Graduation Year

2026

Date of Submission

4-2026

Document Type

Campus Only Senior Thesis

Degree Name

Bachelor of Arts

Department

Economics

Reader 1

Professor William Lincoln

Abstract

This study investigates whether foreign funding to U.S. universities influences campus protest activity, examining data from 261–265 universities between 2020 and 2024. I find that standard OLS analysis shows no relationship between foreign funding and protest activity, but once measurement error is addressed, through instrumental variable estimation, foreign funding has a statistically significant positive effect on campus protests. Country-level patterns reveal substantial variation: funding from Saudi Arabia consistently predicts higher protest levels, while funding from Qatar and China show unstable or weak relationships depending on the estimation approach.
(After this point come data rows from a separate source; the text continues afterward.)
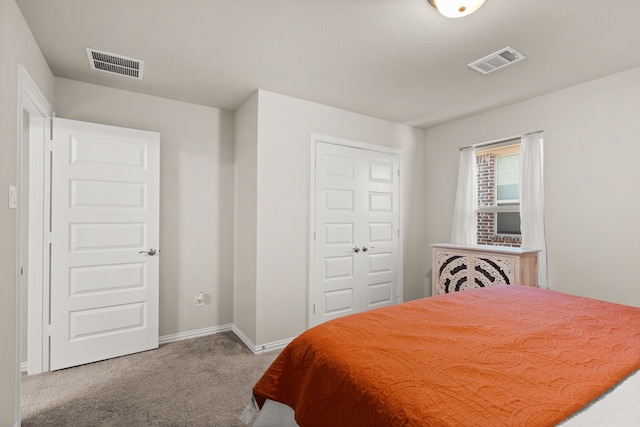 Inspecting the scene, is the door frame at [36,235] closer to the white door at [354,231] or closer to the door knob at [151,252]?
the door knob at [151,252]

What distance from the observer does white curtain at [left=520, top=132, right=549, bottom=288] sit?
314 centimetres

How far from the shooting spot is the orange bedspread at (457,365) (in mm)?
914

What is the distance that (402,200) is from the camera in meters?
4.16

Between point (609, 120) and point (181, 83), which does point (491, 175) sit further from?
point (181, 83)

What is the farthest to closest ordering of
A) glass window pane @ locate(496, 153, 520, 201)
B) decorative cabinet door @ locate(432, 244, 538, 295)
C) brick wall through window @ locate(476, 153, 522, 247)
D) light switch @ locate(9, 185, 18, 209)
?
brick wall through window @ locate(476, 153, 522, 247) → glass window pane @ locate(496, 153, 520, 201) → decorative cabinet door @ locate(432, 244, 538, 295) → light switch @ locate(9, 185, 18, 209)

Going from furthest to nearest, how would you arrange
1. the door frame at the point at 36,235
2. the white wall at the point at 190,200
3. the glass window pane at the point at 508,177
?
1. the glass window pane at the point at 508,177
2. the white wall at the point at 190,200
3. the door frame at the point at 36,235

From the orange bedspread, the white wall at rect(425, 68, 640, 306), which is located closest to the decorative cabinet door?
the white wall at rect(425, 68, 640, 306)

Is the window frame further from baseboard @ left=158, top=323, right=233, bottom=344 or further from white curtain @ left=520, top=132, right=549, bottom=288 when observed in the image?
baseboard @ left=158, top=323, right=233, bottom=344

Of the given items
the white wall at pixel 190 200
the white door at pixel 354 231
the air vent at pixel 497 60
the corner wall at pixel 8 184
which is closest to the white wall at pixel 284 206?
the white door at pixel 354 231

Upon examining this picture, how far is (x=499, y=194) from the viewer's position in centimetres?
372

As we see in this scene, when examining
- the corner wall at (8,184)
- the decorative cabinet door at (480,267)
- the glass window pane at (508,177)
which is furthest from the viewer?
the glass window pane at (508,177)

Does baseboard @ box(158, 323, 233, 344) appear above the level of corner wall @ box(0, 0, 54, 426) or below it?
below

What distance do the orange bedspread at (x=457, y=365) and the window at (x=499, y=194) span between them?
1.80 m

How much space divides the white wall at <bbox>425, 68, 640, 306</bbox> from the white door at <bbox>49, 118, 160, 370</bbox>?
3.87 metres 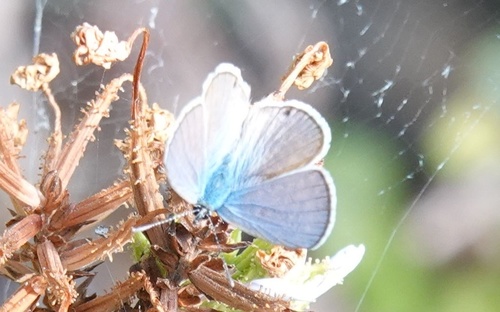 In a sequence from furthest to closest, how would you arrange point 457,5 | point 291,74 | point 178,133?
1. point 457,5
2. point 291,74
3. point 178,133

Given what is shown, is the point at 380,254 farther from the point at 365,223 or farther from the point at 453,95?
the point at 453,95

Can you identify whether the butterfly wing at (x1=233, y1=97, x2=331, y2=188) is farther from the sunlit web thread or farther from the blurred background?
the sunlit web thread

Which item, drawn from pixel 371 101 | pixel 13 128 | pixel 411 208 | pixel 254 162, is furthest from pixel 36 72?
pixel 411 208

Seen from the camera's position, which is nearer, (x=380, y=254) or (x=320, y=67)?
(x=320, y=67)

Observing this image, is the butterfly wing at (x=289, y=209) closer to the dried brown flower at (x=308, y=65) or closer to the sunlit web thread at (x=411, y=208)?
the dried brown flower at (x=308, y=65)

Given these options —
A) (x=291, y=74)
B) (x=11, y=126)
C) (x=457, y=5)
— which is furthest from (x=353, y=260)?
(x=457, y=5)

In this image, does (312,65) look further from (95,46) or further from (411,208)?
(411,208)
I also find that the 2024 Gaza conflict created a large increase in protests across all universities, suggesting that major geopolitical events can override the influence of foreign funding sources. The stark divergence between OLS and IV results, where OLS finds no effect but IV finds a strong positive effect, directly points to severe measurement error in universities' self-reported funding data, a problem rooted in institutional secrecy and lack of transparency about foreign funding arrangements.

This thesis is restricted to the Claremont Colleges current faculty, students, and staff.